Docker volumes are an essential part of the containerized architecture, often used to persist data across container lifecycles. To safeguard against data loss, it’s vital to back up these volumes regularly. This article provides a shell script to automate the process of daily backups of Docker volumes, uploading them to AWS S3, and cleaning up old backups.
Prerequisites
- Docker installed and running.
- AWS Command Line Interface (CLI) installed and configured with appropriate permissions.

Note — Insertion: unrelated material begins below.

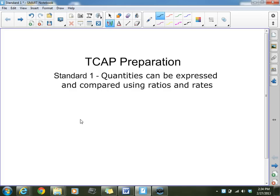TCAP is broken down and covers seven specific standards, and we're going to be covering all seven of those standards. Tonight we're going to be focusing on Standard 1: quantities can be expressed and compared using ratios and rates. We're focusing on ratios and rates.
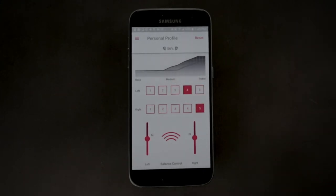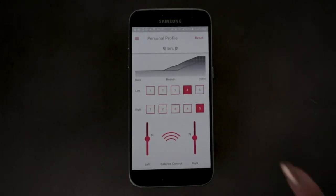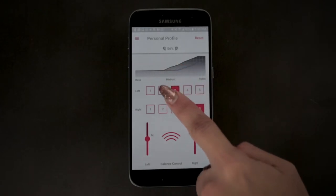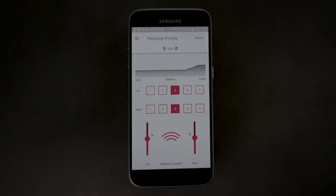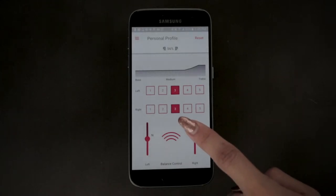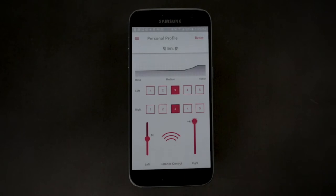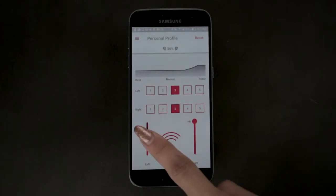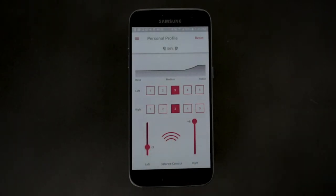You can use the balance control at the bottom of the screen to adjust how you hear both the sounds in the world around you as well as the audio from your Bluetooth device. If you are aware that one ear hears better than the other, set the balance control for the worst ear to the maximum setting, then adjust the balance control for the better ear so that the sound to each ear appears symmetrical.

- The `jq` tool installed to process JSON content (often used to parse Docker command outputs).
Script Overview
The script will do the following:
- Loop over each Docker volume.
- Create a backup of the volume using docker cp.
- Compress the backup.
- Upload the compressed backup to an S3 bucket.
- Remove local backups older than 30 days.
- Remove S3 backups older than 30 days.
The Script
#!/bin/bash
set -euo pipefail
# Set variables
BACKUP_DIR="/path/to/backup/dir"
S3_BUCKET="s3://your-bucket-name"
DAYS_TO_KEEP=30
LOG_FILE="/var/log/backup_volumes.log"
TIMESTAMP=$(date +%Y%m%d%H%M%S)
# Ensure backup directory exists
mkdir -p "${BACKUP_DIR}"
# Function to log messages
log() {
echo "[$(date '+%Y-%m-%d %H:%M:%S')] $1" | tee -a "${LOG_FILE}"
}
# Function to clean up temporary container
cleanup_container() {
local container_id=$1
if [[ -n "{container_id}" ]]; then
docker rm -v "{container_id}" >/dev/null 2>&1 || log "Warning: Failed to remove container ${container_id}"
fi
}
# Function to validate S3 bucket existence
check_s3_bucket() {
if ! aws s3 ls "${S3_BUCKET}" >/dev/null 2>&1; then
log "Error: S3 bucket ${S3_BUCKET} does not exist or is inaccessible"
exit 1
fi
}
# Validate dependencies
command -v docker >/dev/null 2>&1 || { log "Error: Docker is not installed"; exit 1; }
command -v aws >/dev/null 2>&1 || { log "Error: AWS CLI is not installed"; exit 1; }
command -v tar >/dev/null 2>&1 || { log "Error: tar is not installed"; exit 1; }
# Check S3 bucket
check_s3_bucket
log "Starting backup of Docker volumes"
# Process each Docker volume
while IFS= read -r volume; do
[[ -z "${volume}" ]] && continue # Skip empty volume names
log "Backing up volume: {volume}"
backup_name="${volume}_${TIMESTAMP}.tar.gz"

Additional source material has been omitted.